Last weekend President Trump lost patience with the impasse on the Hill over pandemic assistance and signed four executive actions that purportedly took care of some of the issues. There was one Executive Order to minimize evictions and three memos on student loan repayment relief, payroll tax deferral, and increased unemployment benefits.
And they didn’t actually spell anything out so much as order the appropriate agencies to come up with a plan.
Those plans – in addition to being bad budgeting practice, bad for accountability, and legally suspect – are likely to be ineffective. Which is what tends to happen when you don’t think things through.
Case in point: the payroll tax deferral – roundly opposed by Democrats and Republicans on the Hill – won’t help anyone who is currently unemployed. Meanwhile employers and payroll companies are left waiting for Treasury to figure out how to implement the plan. Because at roughly 7.6 percent raise per pay period until the end of year, it is a relatively small boost. But deferral means that employees will have to repay that cash absent legislative action. (It’s not even clear that money will go to employees, some employers may hold the cash in escrow to ensure they aren’t stuck with the bill when repayment is required). Furthermore, the payroll tax deferral will simply reduce revenues into the Social Security and Medicare Trust Funds that are already in trouble.
Helping the millions of people who are unemployed because of COVID-19 is important, but the administration can’t just appropriate money, constitutionally that’s Congress’ job. So what did they direct Cabinet officials to do? Raid the Disaster Relief Fund (DRF). This end-run is barely legal and an actively bad idea. It will require states to match the $300 from the feds with $100 (a standard 75 percent/25 percent match which may be waived). But it’s also a bad idea because these funds exist to help quickly respond to natural disasters. Each year a pre-determined amount (rolling ten-year average actual disaster spending with high and low year removed) of disaster costs are budgeted for in advance. So instead of waiting for Congress to act in the immediate aftermath of the disaster, there’s a large pot of money at the ready. But in an administration with little regard for the rules, it’s tempting as a political relief valve right now. Convenient though it is, raiding the DRF is flat out foolish, especially a week after a rare derecho tore through the Midwest and while the country is entering the most active period of a hurricane season that started early and is outpacing predictions.

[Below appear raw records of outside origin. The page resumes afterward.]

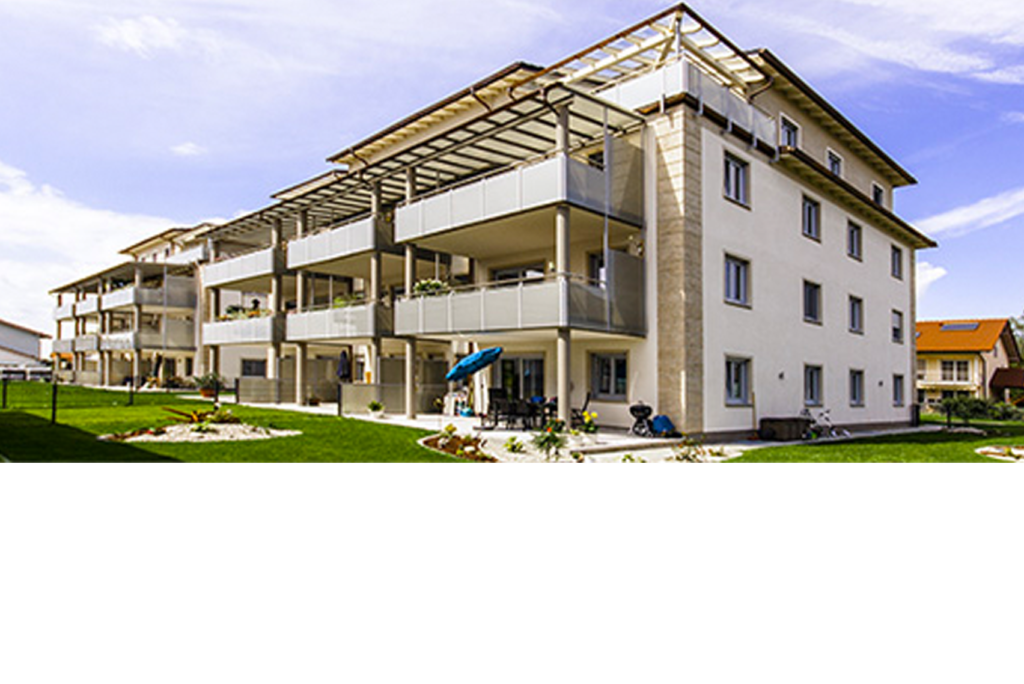 Ein modernes, mehrstöckiges Apartmentgebäude mit Balkonen und Flachdach vor einem blauen Himmel. Es verfügt über einen gepflegten Rasen mit einigen Landschaftsgestaltungen, darunter ein kleiner Garten und Wege rund um das Gebäude.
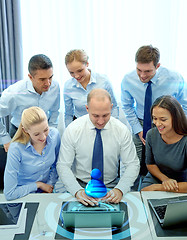 Image showing smiling business people with laptop in office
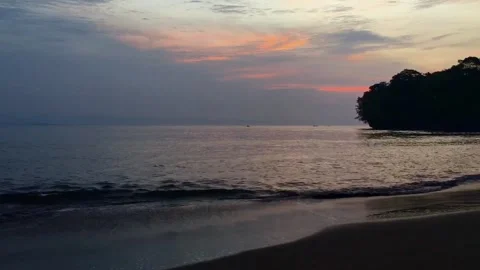 Calm Ocean Waves Rolling onto an Empty Tropical Beach at Sunrise Stock-Footage 347042000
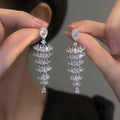 Silver Pagoda colour Christmas tree shaped drop earrings with stud fastenings and sparkling zircon finish.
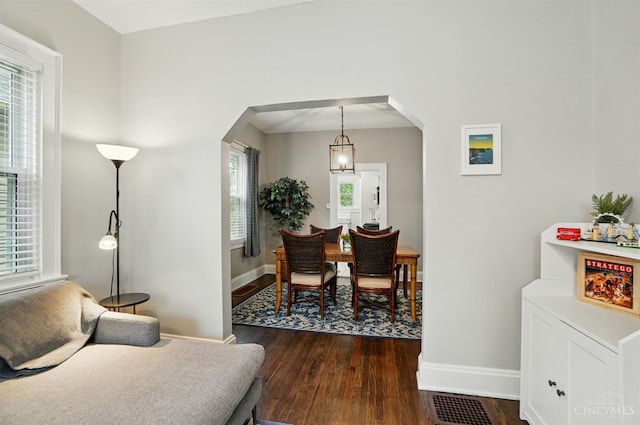 7002 Cambridge Ave, Columbia Twp, OH 45227 - living area with arched walkways and dark wood-style floors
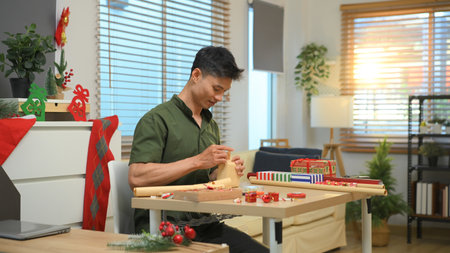 Photo set Man wrapping Christmas gifts at home with scissors and festive decorations.の写真素材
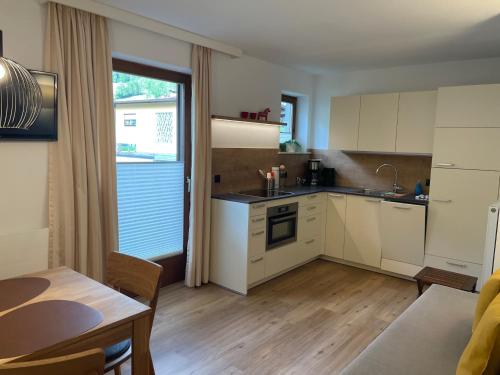 a kitchen with white cabinets and a table and a dining room at Appartements Falkner Dorli in Oetz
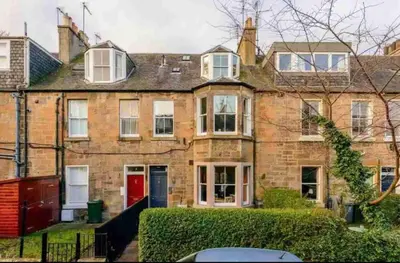 a large brick house with a red door at amazing apartments - Avondale Pl by Stockbridge in Edinburgh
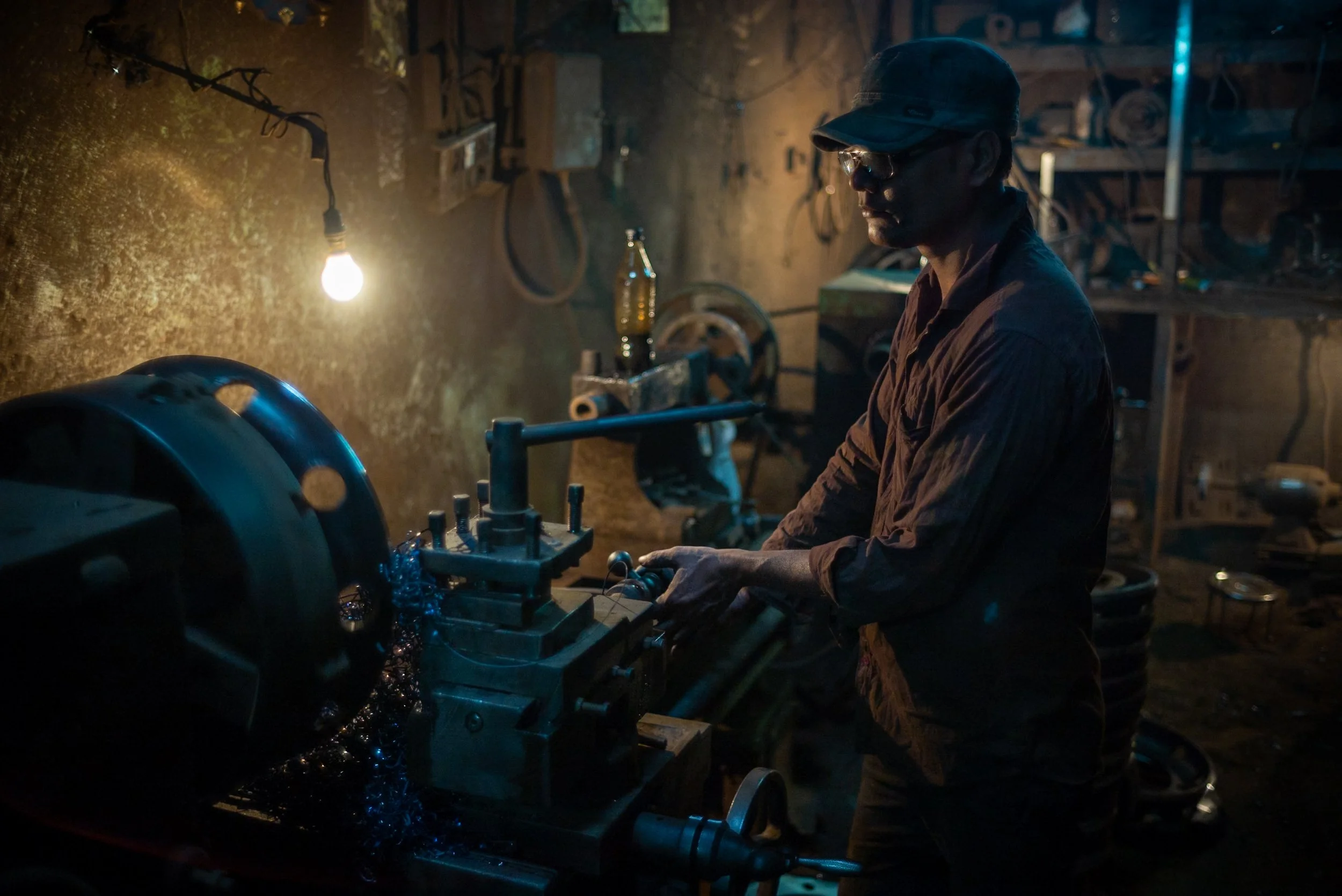 Portrait of man at work on lathe in Kolkata car parts market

It used to be that intentionally violating the Purpose Statute, Antideficiency Act, and Impoundment Control Act to get what you want was almost unheard of. But this president, and his administration, have been allowed to violate all the norms of federal appropriations law with little penalty. From keeping National Parks open and improperly using entrance fees during a government shutdown to the IRS processing refunds during a shutdown. Also illegally transferring money from military construction for the border barrier. Just last month the GAO reported that the CBP spent emergency funds intended for medical care and food on ATVs, security cameras and even dog food. Then there was the withholding of funds duly appropriated as aid to Ukraine. And now we’re seeing this end-run tactic again with the idea of tapping the DRF.
So why do this? Why pull a move that isn’t going to really work, and is legally questionable, to boot? Well, first it allows the White House to let out a bit of the pressure to get a deal done as people start to see benefits evaporate. It also allows the president to pretend he made people “do something!”
We say this a lot to Congress: Dig in, deal with the policy, do the actual work. It applies equally to the president. Especially during a historic, still unfolding, global pandemic and its economic fallout with north of 31 million Americans out of work.